Choose to sign up, and use your access code to create an account, then use that account to log in.
Now, you will be able to click on one of the published books and ask it questions (every account defaults to have $10 of openai credits)
To logout or deactivate, just click the “user-” icon in the bottom right corner.
Admin
After logging in, you’ll see a “toolkit” icon in the bottom left corner of the screen. Click this to enter the admin panel.
Here, you’ll see an option to upload a document. You can click on this, select a file, and a preview will be rendered on-screen. Use this preview and the page navigation tools to select the start- and end-pages of your document for the embedding (e.g. skip table of contents, glossary etc.). The title will be generated from the file name, but you’ll have to fill out the author manually. The description will be generated automatically by the AI after preprocessing as an answer to the question “What is #{book.title} about?”.
After uploading completes, you’ll see a series of build steps. They may take a while, but sit tight: they’ll only take a few minutes for any normal-length book.
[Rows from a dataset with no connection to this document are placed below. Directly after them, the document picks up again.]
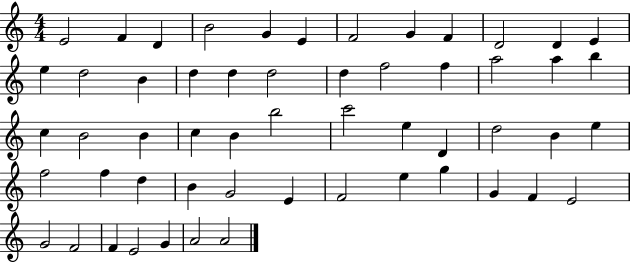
E4/h F4/q D4/q B4/h G4/q E4/q F4/h G4/q F4/q D4/h D4/q E4/q E5/q D5/h B4/q D5/q D5/q D5/h D5/q F5/h F5/q A5/h A5/q B5/q C5/q B4/h B4/q C5/q B4/q B5/h C6/h E5/q D4/q D5/h B4/q E5/q F5/h F5/q D5/q B4/q G4/h E4/q F4/h E5/q G5/q G4/q F4/q E4/h G4/h F4/h F4/q E4/h G4/q A4/h A4/h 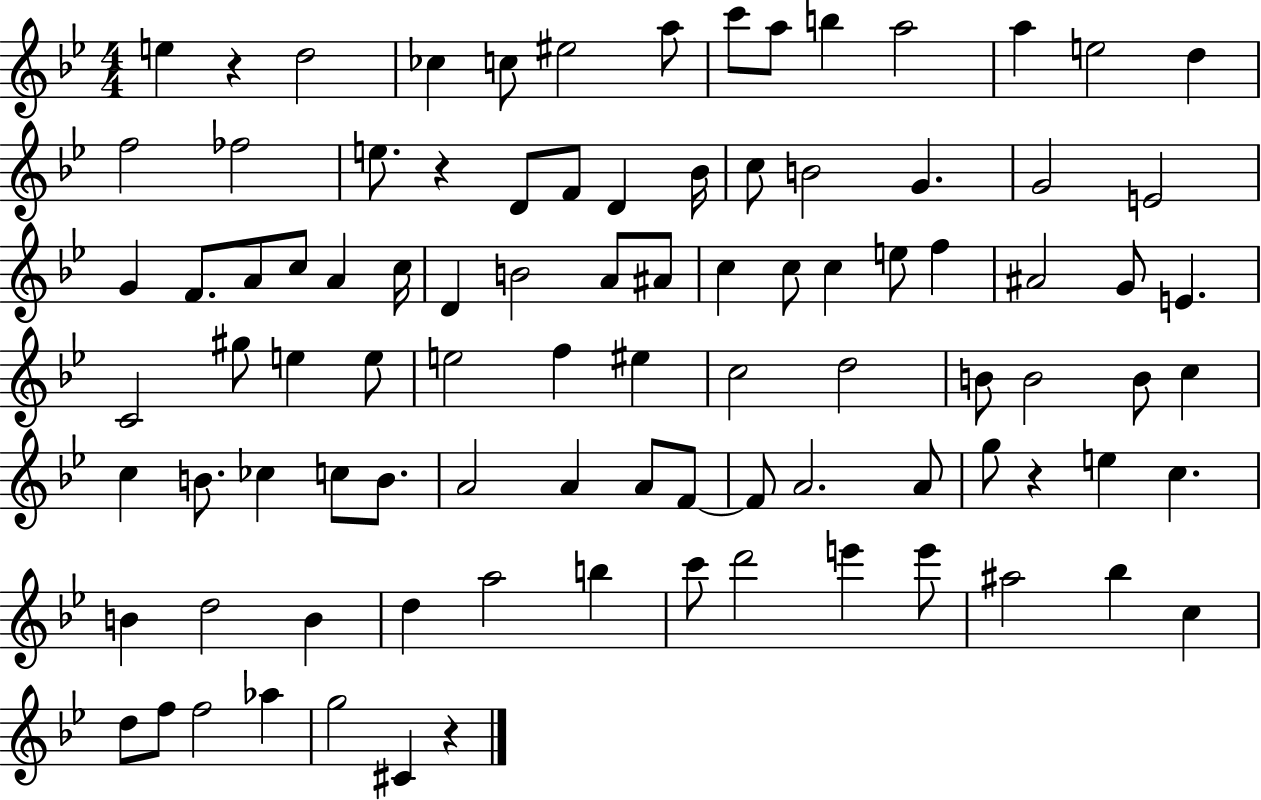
E5/q R/q D5/h CES5/q C5/e EIS5/h A5/e C6/e A5/e B5/q A5/h A5/q E5/h D5/q F5/h FES5/h E5/e. R/q D4/e F4/e D4/q Bb4/s C5/e B4/h G4/q. G4/h E4/h G4/q F4/e. A4/e C5/e A4/q C5/s D4/q B4/h A4/e A#4/e C5/q C5/e C5/q E5/e F5/q A#4/h G4/e E4/q. C4/h G#5/e E5/q E5/e E5/h F5/q EIS5/q C5/h D5/h B4/e B4/h B4/e C5/q C5/q B4/e. CES5/q C5/e B4/e. A4/h A4/q A4/e F4/e F4/e A4/h. A4/e G5/e R/q E5/q C5/q. B4/q D5/h B4/q D5/q A5/h B5/q C6/e D6/h E6/q E6/e A#5/h Bb5/q C5/q D5/e F5/e F5/h Ab5/q G5/h C#4/q R/q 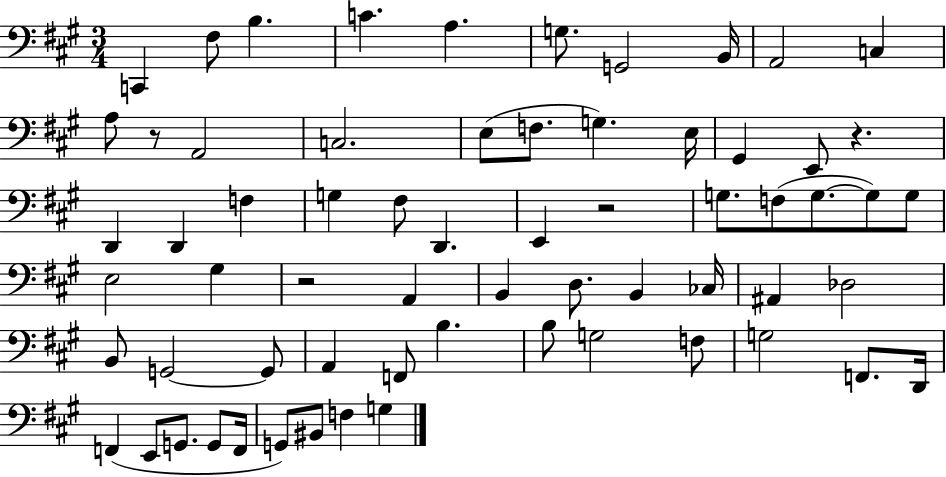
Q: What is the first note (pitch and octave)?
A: C2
The slowest part is the embeddings API calling, by far. (with more time, I’d implement my own with an E5 backend, saving a lot of time/money with basically no performance hit but with the caveat that it requires a GPU)
Once you’ve completed all the pre-processing steps, you’ll want to add some questions by clicking on the “questions” button. Once you’ve added (let’s say 10) questions, you can “embed” them, then “classify” (train the linear SVC).
You can also test the vector search on the “Test” page
Once you’ve created your classification, click “Go Live”, and the Book will appear for all users (including you) when you go back to the normal view (the “home” icon)
At any time, you can navigate back to the main admin menu by clicking on the words “Admin Panel” in the top left.
Known Issues
There is a small CSRF token bug that requires you to refresh the page after signing out in order to sign back in.
There may also be an issue where the embedding process, which makes a large number of round trips to the openAI API, may time out. Progress is always saved, however, and you can simply retry the embedding process if it is interrupted.